Re:Re: [VOTE] Release Apache Spark 1.6.0 (RC3)

Allen Zhang Wed, 16 Dec 2015 17:57:23 -0800

plus 1






在 2015-12-17 09:39:39，"Joseph Bradley" <jos...@databricks.com> 写道：

+1


On Wed, Dec 16, 2015 at 5:26 PM, Reynold Xin <r...@databricks.com> wrote:

+1




On Wed, Dec 16, 2015 at 5:24 PM, Mark Hamstra <m...@clearstorydata.com> wrote:

+1


On Wed, Dec 16, 2015 at 1:32 PM, Michael Armbrust <mich...@databricks.com> 
wrote:

Please vote on releasing the following candidate as Apache Spark version 1.6.0!

The vote is open until Saturday, December 19, 2015 at 18:00 UTC and passes if a 
majority of at least 3 +1 PMC votes are cast.



[ ] +1 Release this package as Apache Spark 1.6.0
[ ] -1 Do not release this package because ...


To learn more about Apache Spark, please see http://spark.apache.org/


The tag to be voted on is v1.6.0-rc3 (168c89e07c51fa24b0bb88582c739cec0acb44d7)

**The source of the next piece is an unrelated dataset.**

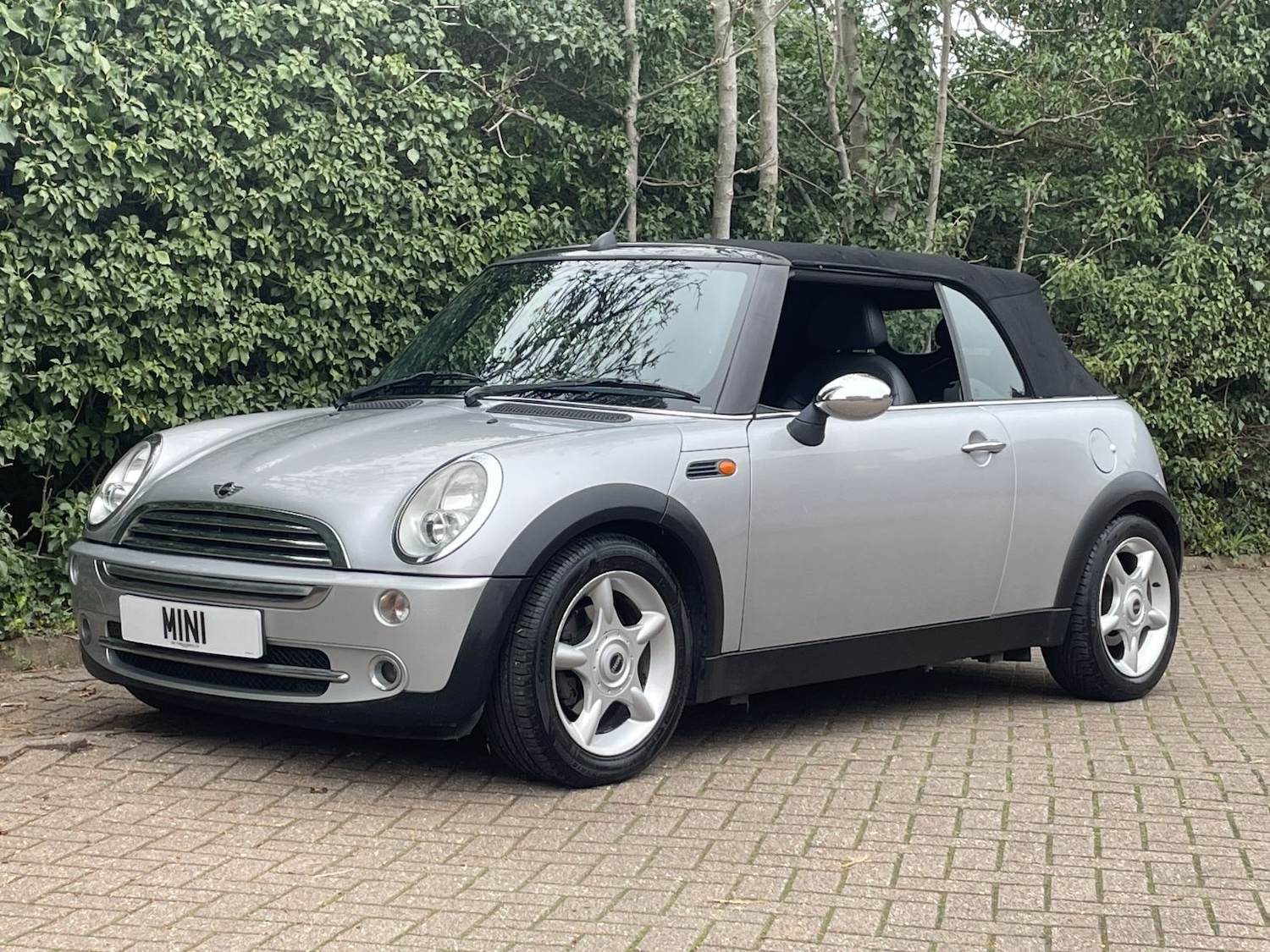 Used MINI Convertible 2005 for sale - 77845404: Photo 10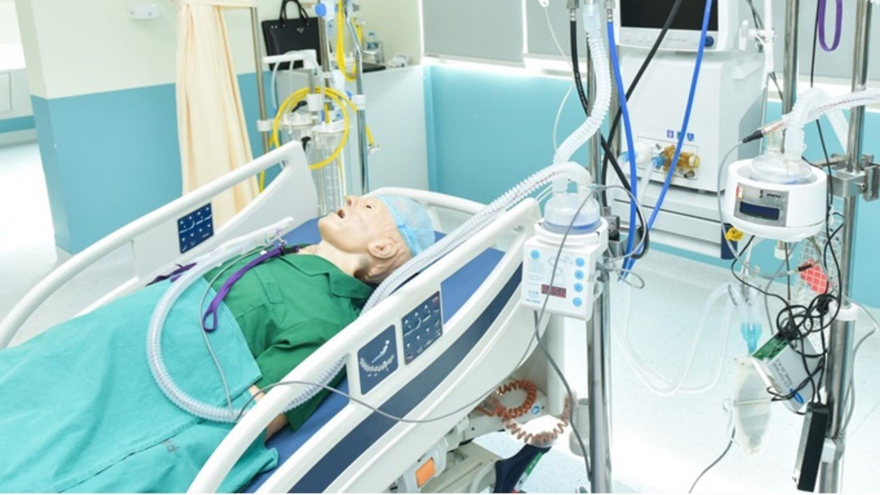 Máy thở ôxy dòng cao do các nhà khoa học Việt Nam sản xuất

The release files, including signatures, digests, etc. can be found at:
http://people.apache.org/~pwendell/spark-releases/spark-1.6.0-rc3-bin/


Release artifacts are signed with the following key:
https://people.apache.org/keys/committer/pwendell.asc


The staging repository for this release can be found at:
https://repository.apache.org/content/repositories/orgapachespark-1174/


The test repository (versioned as v1.6.0-rc3) for this release can be found at:
https://repository.apache.org/content/repositories/orgapachespark-1173/


The documentation corresponding to this release can be found at:
http://people.apache.org/~pwendell/spark-releases/spark-1.6.0-rc3-docs/


=======================================
== How can I help test this release? ==
=======================================
If you are a Spark user, you can help us test this release by taking an 
existing Spark workload and running on this release candidate, then reporting 
any regressions.


================================================
== What justifies a -1 vote for this release? ==
================================================
This vote is happening towards the end of the 1.6 QA period, so -1 votes should 
only occur for significant regressions from 1.5. Bugs already present in 1.5, 
minor regressions, or bugs related to new features will not block this release.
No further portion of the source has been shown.